A good dispersion of CNTs/CHX/AgNP in the epoxy matrix was demonstrated by SEM investigation and a slight reinforcement was noticed compared to the commercial sealer, as evidenced by nanoindentation measurements, which is in agreement with previous reported data [45]. The addition of CNTs/CHX/AgNPs did not disturb the local distribution of the inorganic components, as no agglomeration of the calcium phosphate or radio opacifier particles was noticed.
In terms of thermal behavior, both modified and commercial sealers have almost the same degradation patterns, while only a small difference in residual mass was noticed. Overall, a good stability of the modified sealer can be noticed. The corroborated results clearly demonstrated that the modifications induced by addition of CNTs/AgNPs/CHX 2% mixture did not impair the structural, ultrastructural and thermal behavior of the original sealer.
Moreover, a similar, very good adaptation, without gaps, of both commercial and modified sealer to the root canal walls was evidenced by SEM. The EDX spectrum recorded at the interface, demonstrated the diffusion of chlorhexidine molecules from the sealer into the dentinal tissue. It is well known that chemical or mechanical dentin pretreatments (for example sandblasting procedure) are usually made in order to increase the roughness of the treated surface, which influences the adhesion properties and the contact area between the dentinal tissue and the sealer [64]. In our work, we did not apply any mechanical pretreatment, except the routine procedure of endodontic cleaning.
The antibacterial and antifungal assay clearly demonstrated a synergic effect of AgNPs, CHX 2% and CNTs with excellent results towards E. faecalis, which is responsible for the primary etiologic factors in pulp and periapical lesions [7].

5. Conclusions

In this work, we report the improved antibacterial effect of a modified endodontic sealer, upon addition of CNTs incorporating CHX 2% and AgNPs. The structural, ultrastructural and thermal properties of the modified sealer were not affected by this modification, while demonstrating a perfect interfacial adaptation with the root canal dentine. As successful root canal therapy involves a combination of proper instrumentation, irrigation, obturation, and sealing, we suggest that our results are supportive of the near future potential of nanoparticles in clinical endodontics.

Author Contributions

Conceptualization, A.M. and S.C.; methodology, L.F., F.B. and C.I.; software, F.B.; validation, I.H., C.S. and G.R.; investigation, I.H., G.R., C.S.; resources, A.M. and C.I.; writing—original draft preparation, A.M. and S.C.; writing—review and editing, F.B., L.F. and S.C.; visualization, I.H. and F.B.; supervision, S.C. All authors have read and agreed to the published version of the manuscript.

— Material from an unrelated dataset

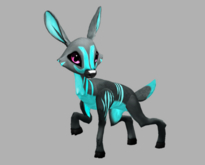 INSIGNIS BUBBLEGUM MALE NO ANTLERS FAWN LOG. BREEDABLE! NO FOOD NECESSARY! MAKE MONEY!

This research received no external funding.

Institutional Review Board Statement

The study was conducted according to the guidelines of the Declaration of Helsinki, and the protocol was approved by the Institutional Research Ethics Committee of the Faculty of Medicine and Pharmacy, University of Oradea [Nr. 2/31.03.2021].

Informed Consent Statement

Not applicable.

Conflicts of Interest

The authors declare no conflict of interest.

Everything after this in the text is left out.